= YOUR OBJECTIVE =
Below, find the line containing "10240 Camarillo Street" and the line containing "5672 Beguiling Falls St — Photo 13"; reproduce exactly those two and every line between them, omitting pictures.

= DATA FOR REVIEW =

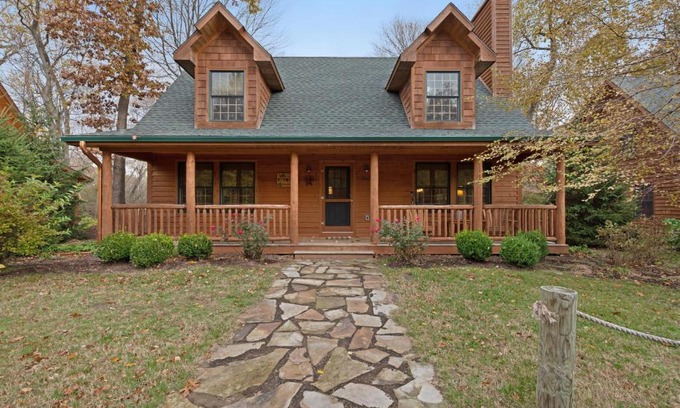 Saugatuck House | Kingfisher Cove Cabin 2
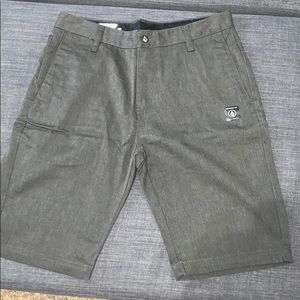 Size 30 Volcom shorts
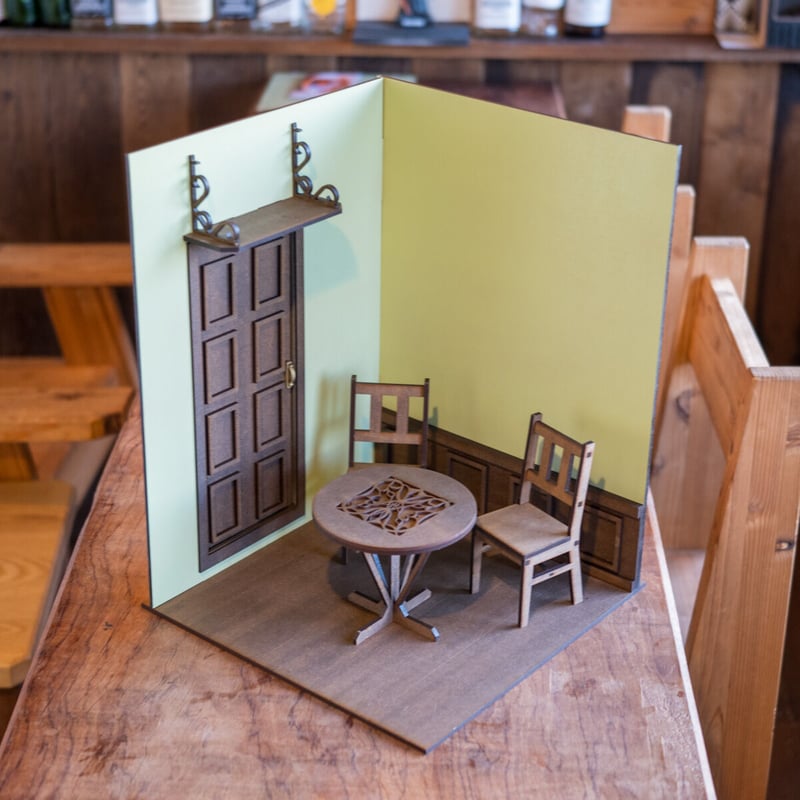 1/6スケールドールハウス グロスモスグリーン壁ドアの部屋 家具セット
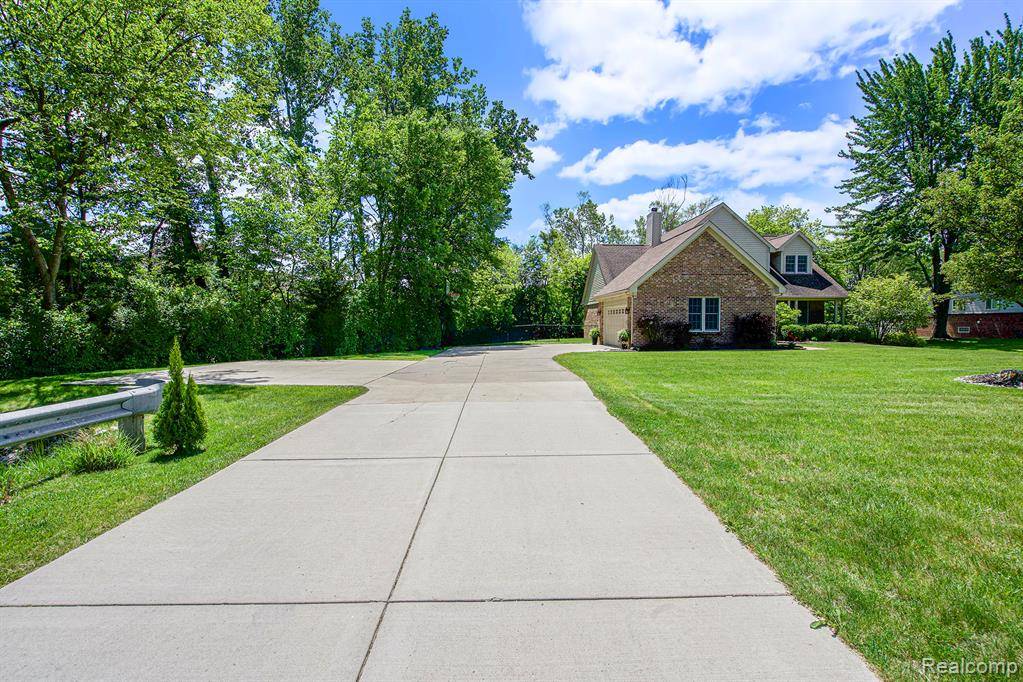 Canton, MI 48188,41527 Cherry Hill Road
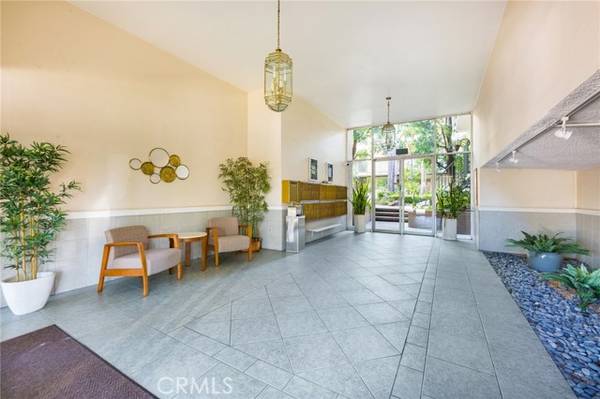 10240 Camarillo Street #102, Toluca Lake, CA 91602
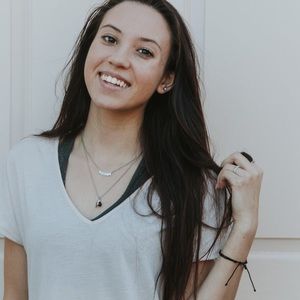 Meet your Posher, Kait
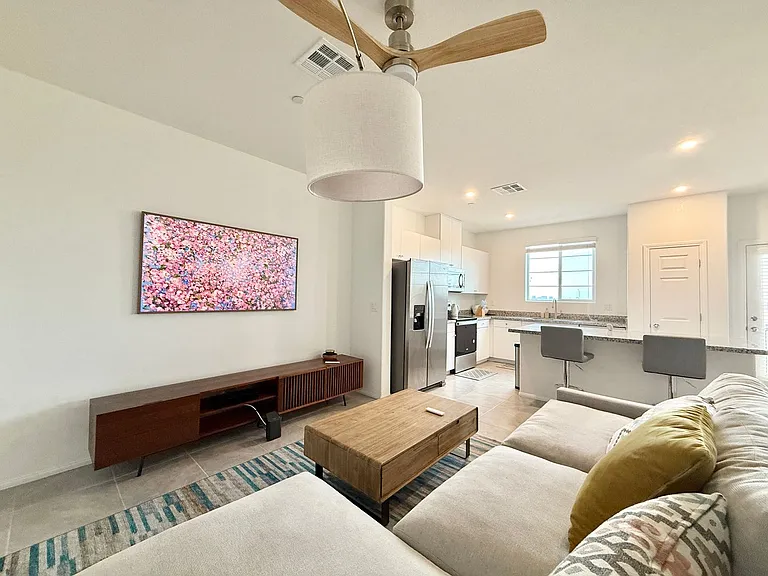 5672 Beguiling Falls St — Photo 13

--

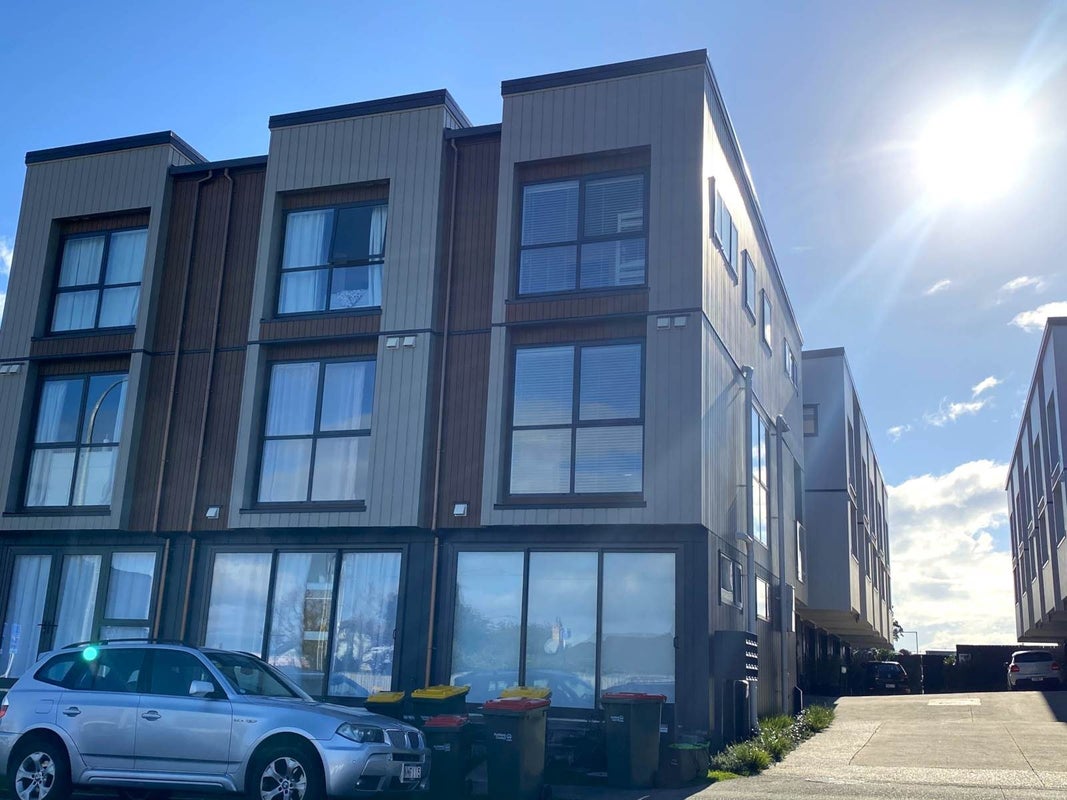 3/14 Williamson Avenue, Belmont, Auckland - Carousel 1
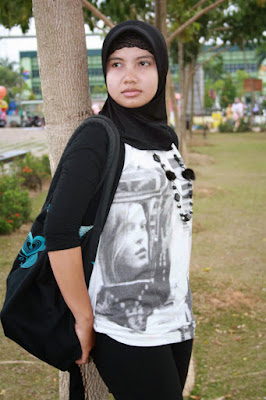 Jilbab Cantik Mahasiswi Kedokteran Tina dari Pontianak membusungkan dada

--

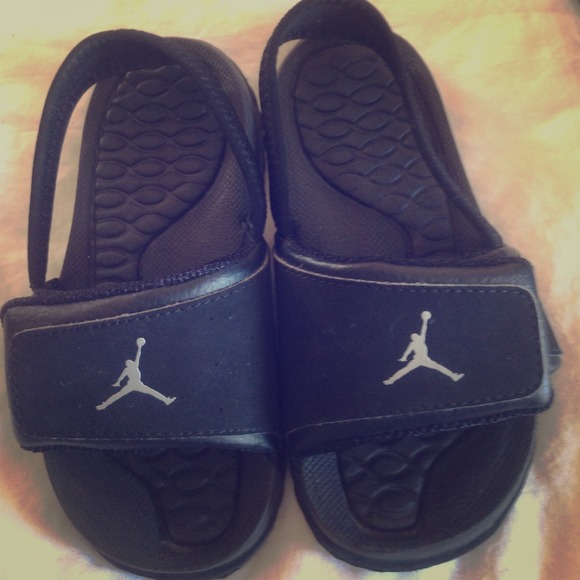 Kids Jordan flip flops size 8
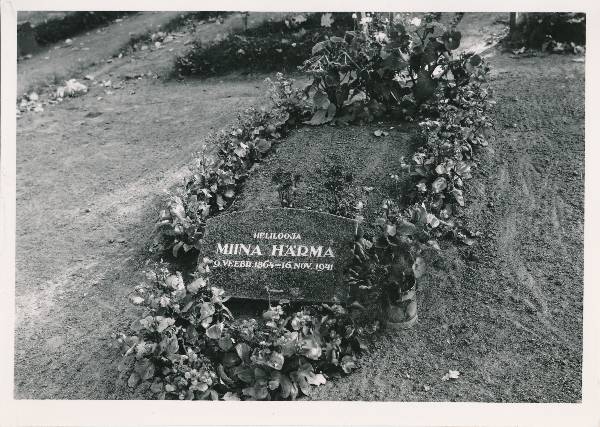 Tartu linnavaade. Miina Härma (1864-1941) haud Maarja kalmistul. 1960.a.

= PROBLEM SOLUTION =
 10240 Camarillo Street #102, Toluca Lake, CA 91602
 Meet your Posher, Kait
 5672 Beguiling Falls St — Photo 13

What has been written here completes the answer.